Malgré un fort soutien des Etats membres, la Commission internationale pour la conservation des thonidés de l’Atlantique (CICTA) – l’organe intergouvernemental principalement chargé de la gestion des pêcheries de thon dans l’océan Atlantique – a échoué à approuver une proposition cruciale présentée par le Sénégal et visant à adopter une réglementation forte contre la rétention de requins mako.
La proposition du Sénégal, présentée devant la 26e réunion de la commission (qui s’est déroulée à Palma de Majorque du 18 au 25 novembre), aurait permis l’interdiction de la « rétention à bord, transbordement ou déchargement d’une partie ou d’une carcasse complète de requin mako de l’Atlantique Nord dans toute zone de pêche gérée par la CICTA. » La proposition intégrait également des quotas stricts pour le mako de l’Atlantique Sud. La proposition du Sénégal faisait suite à une recommandation du Comité permanent pour la recherche et les statistiques de la CICTA (SCRS) d’adopter une politique de non rétention sans exception pour le requin mako.
Considéré comme le requin le plus rapide au monde, le requin taupe-bleu est particulièrement vulnérable à la surpêche, car il atteint sa maturité sexuelle plus tard que d’autres espèces de requins. Une étude de 2017 a mis en évidence que le mako de l’Atlantique Nord n’avait qu’une chance sur deux de survivre à la surpêche si les prises étaient ramenées à zéro et que des mesures complémentaires étaient adoptées. Reconnaissant l’état de conservation critique du requin taupe-bleu, les parties de la Convention sur le commerce international des espèces de faune et de flore marines menacées (CITES) ont voté en faveur d’une protection commerciale pour cette espèce vulnérable à la 18e conférence des parties, qui s’est tenue à Genève en août dernier.
La proposition du Sénégal était soutenue par les 16 membres de la CICTA, dont font partie les Etats côtiers africains de la Gambie, du Gabon et du Libéria. Ces pays se sont associés à Sea Shepherd pour mener des patrouilles conjointes en mer qui ont permis l’arrestation de dizaines de navires de pêche pour pêche illégale et autres délits liés, dont l’arrestation de navires européens qui pêchaient des requins pour leurs ailerons ainsi que des espèces de requins vulnérables d’eau profonde pour la production d’huile de foie de requin.

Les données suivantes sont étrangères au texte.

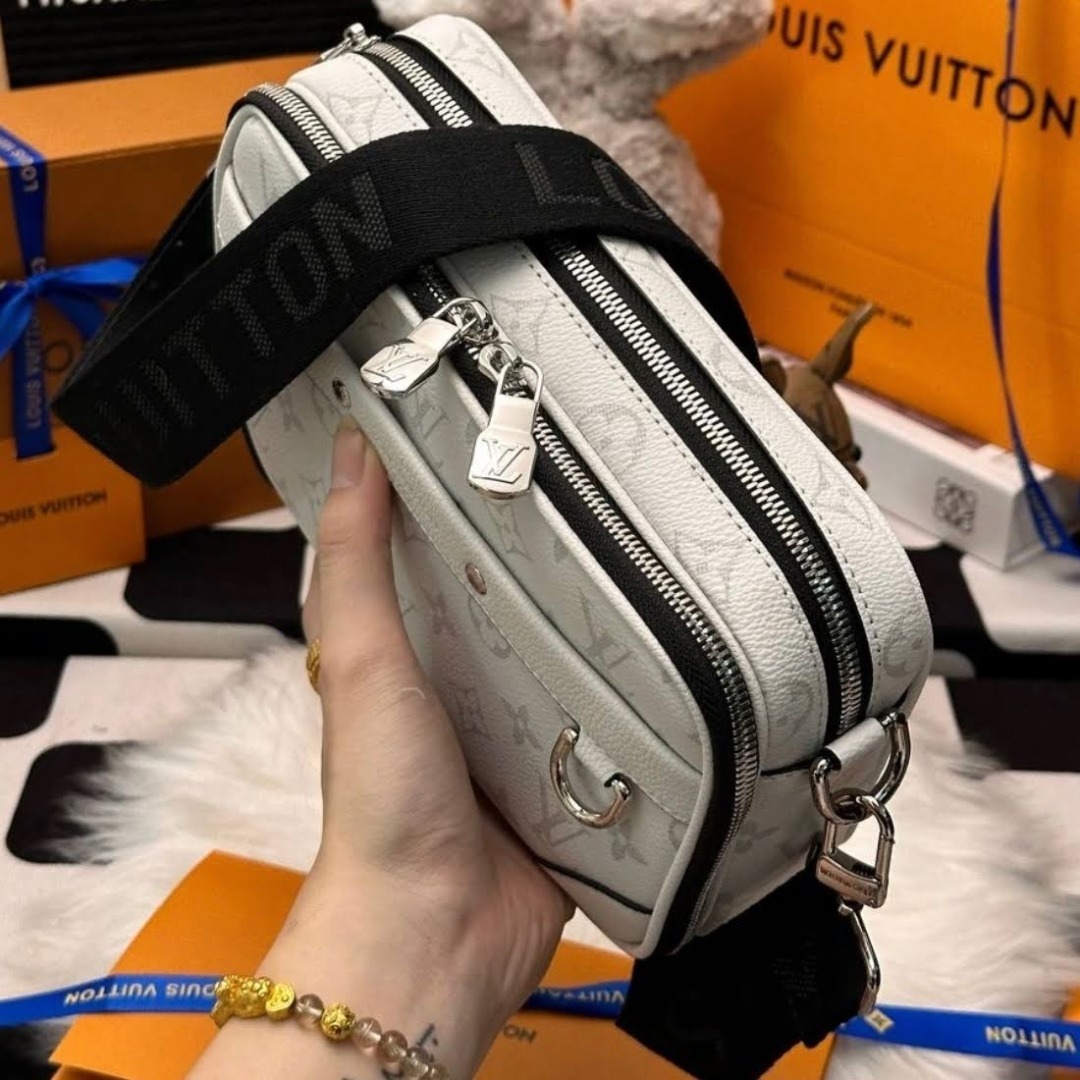 【新作】LV アルファメッセンジャーバッグホワイトモノグラム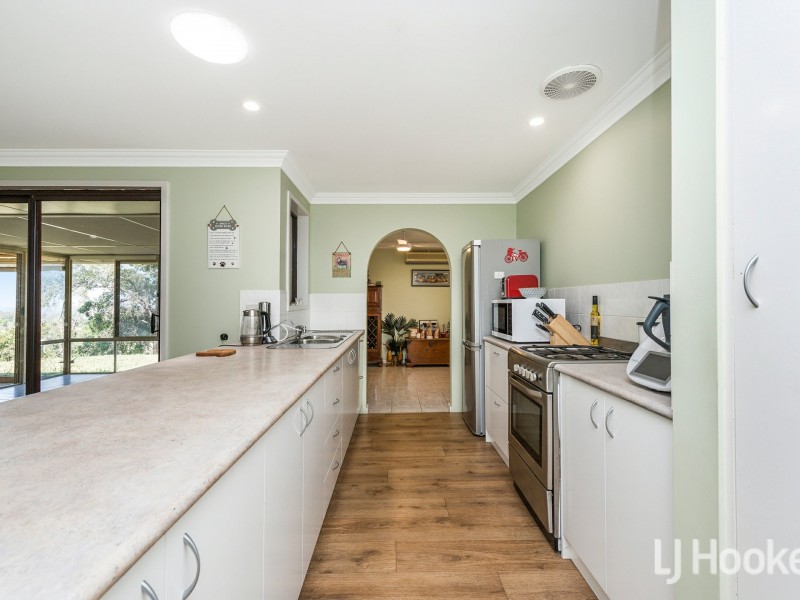 11 Serena Grove, Mount Nasura WA 6112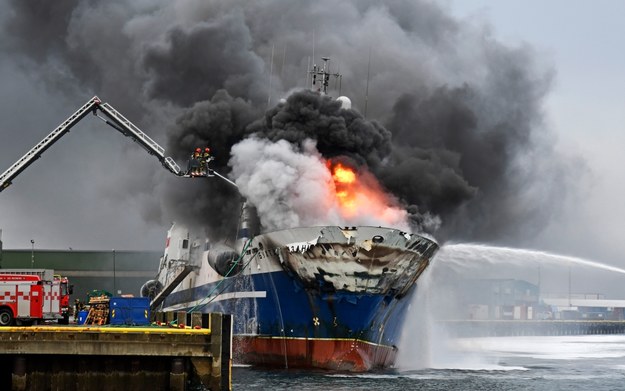 Rosyjskie statek płonie w porcie Breivika w norweski Tromsö /RUNE STOLTZ BERTINUSSEN  /PAP/EPA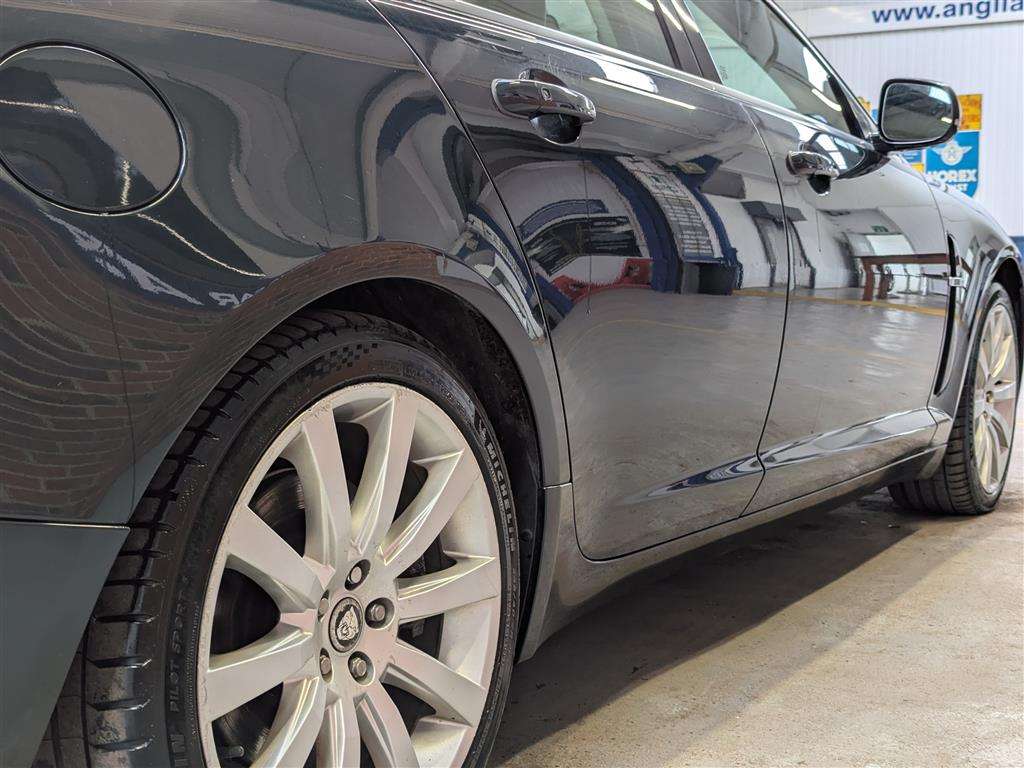 <p>2009 JAGUAR XF PREMIUM LUXURY V6 AUTO</p>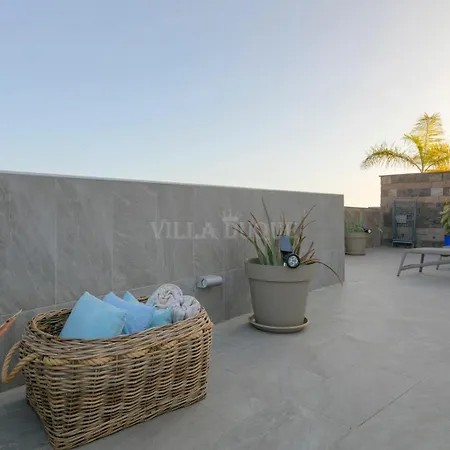 El Duque Modern With Pool *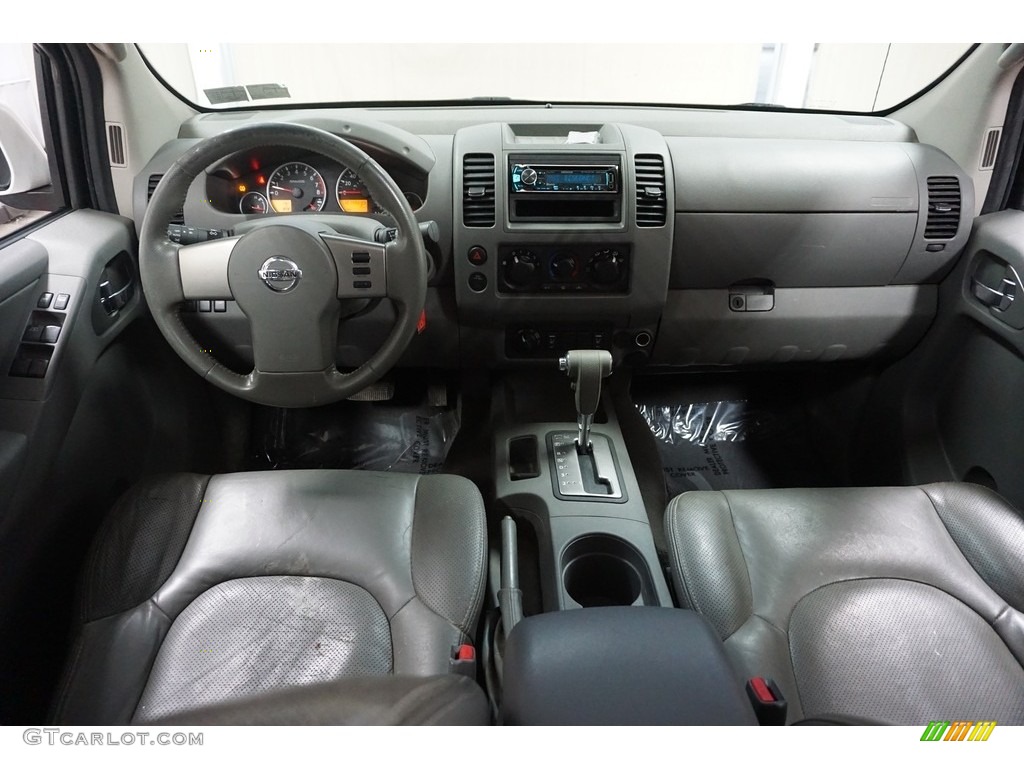 Steel Interior 2006 Nissan Frontier LE Crew Cab 4x4 Photo #115962071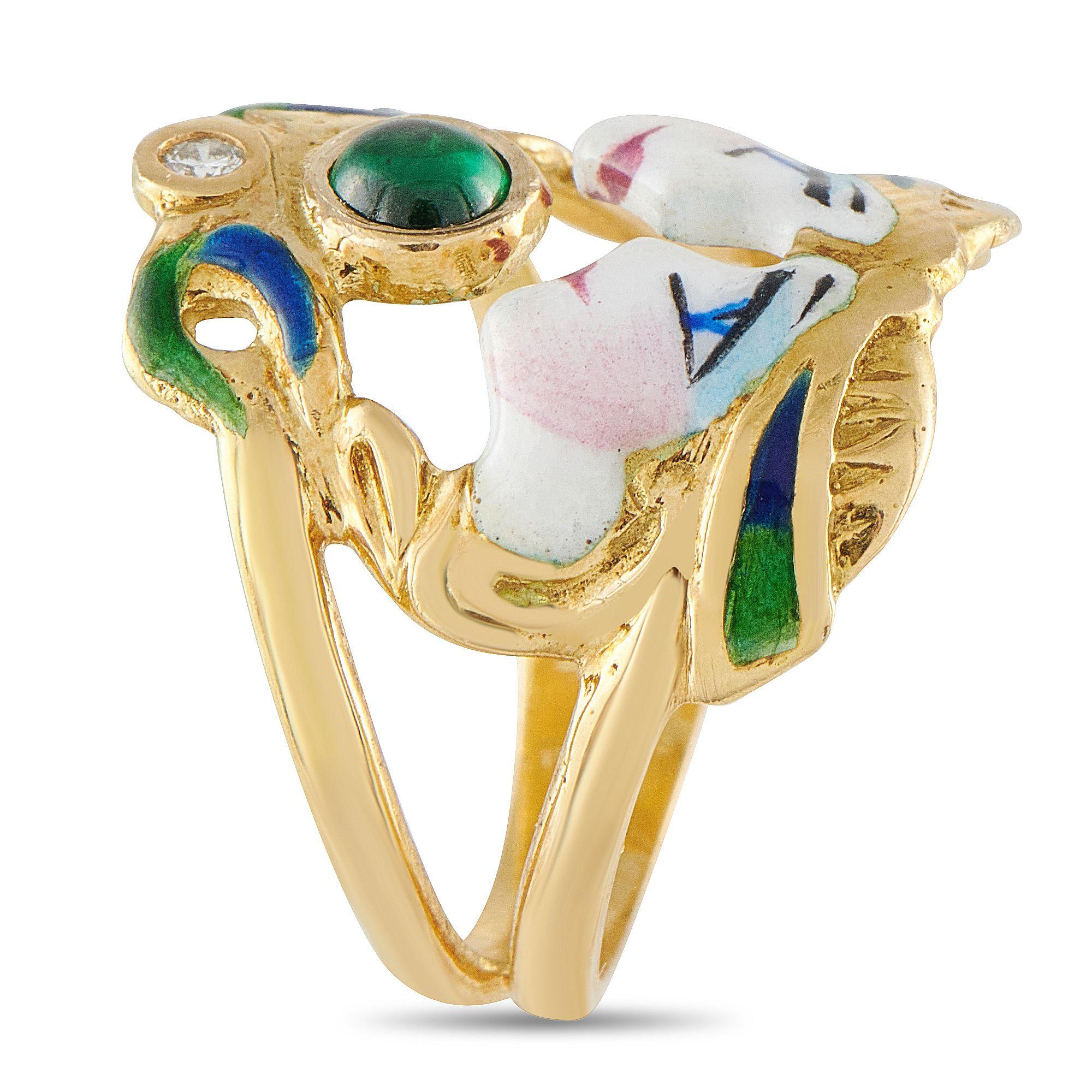 S'inspirant profondément de l'Art nouveau, cette bague en or jaune présente deux visages féminins sculptés de profil, se faisant face sur un anneau fendu effilé. Les lignes fluides font écho au mouvement et à l'élégance de l'époque, tandis que de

« La Gambie, le Gabon et le Libéria continuent de démontrer leur avant-gardisme dans la lutte contre la pêche illégale, à la fois en mer à travers l’arrestation de criminels qui braconnent les requins et dans les forums internationaux de protection de la nature en proposant des mesures de préservation musclées pour les requins. A Sea Shepherd, nous sommes fiers de nos partenaires qui ont porté la lutte pour la protection du requin taupe-bleu à la dernière réunion de la CICTA« , assure Peter Hammerstedt, Directeur des campagnes pour Sea Shepherd Global.
L’Union Européenne (UE) et les Etats-Unis se sont opposés à la proposition, défendant chacun des propositions concurrentes entachées d’exceptions et fixant des quotas de capture non conformes aux recommandations scientifiques. En conséquence, une version considérablement amoindrie de la règlementation sur la non-détention a été adoptée par les parties de la CICTA. L’opposition de l’UE à la proposition du Sénégal est particulièrement troublante dans la mesure où les navires de pêche européens sont responsables de la grande majorité des captures de requin mako.
« Il était extrêmement décevant de voir l’UE et les Etats-Unis ignorer les données scientifiques les plus fiables à la faveur de l’opportunisme politique et au détriment de la conservation des espèces. Pour sauver le requin taupe-bleu de l’Atlantique Nord, hautement menacé, des mesures appropriées s’imposent dès maintenant pour accélérer le rétablissement de la population. La fixation de quotas sur la base d’une probabilité de reconstitution de la population dans plus de 50 ans va non seulement à l’encontre de la recommandation de prudence de la SRCS mais crée également un précédent dangereux pour les populations de requins touchées par les pêcheries de la CICTA« , a expliqué le Directeur juridique de Sea Shepherd, Brett Sommermeyer.
Sea Shepherd remercie la Gambie, le Gabon, le Libéria, ainsi que les 13 autres soutiens de la proposition du Sénégal, pour avoir adopté une position ferme en matière de conservation à la réunion de la CICTA. Avec près de 31 000 requins tués chaque heure par l’homme, les populations de requins ont chuté de 90% au cours du siècle dernier et un quart des espèces de requins sont maintenant en danger critique d’extinction. Les soutiens de la proposition du Sénégal ont reconnu le besoin urgent de protéger les requins et donc l’importance de mettre en place des mesures de protection plus ambitieuses pour le très affecté requin mako.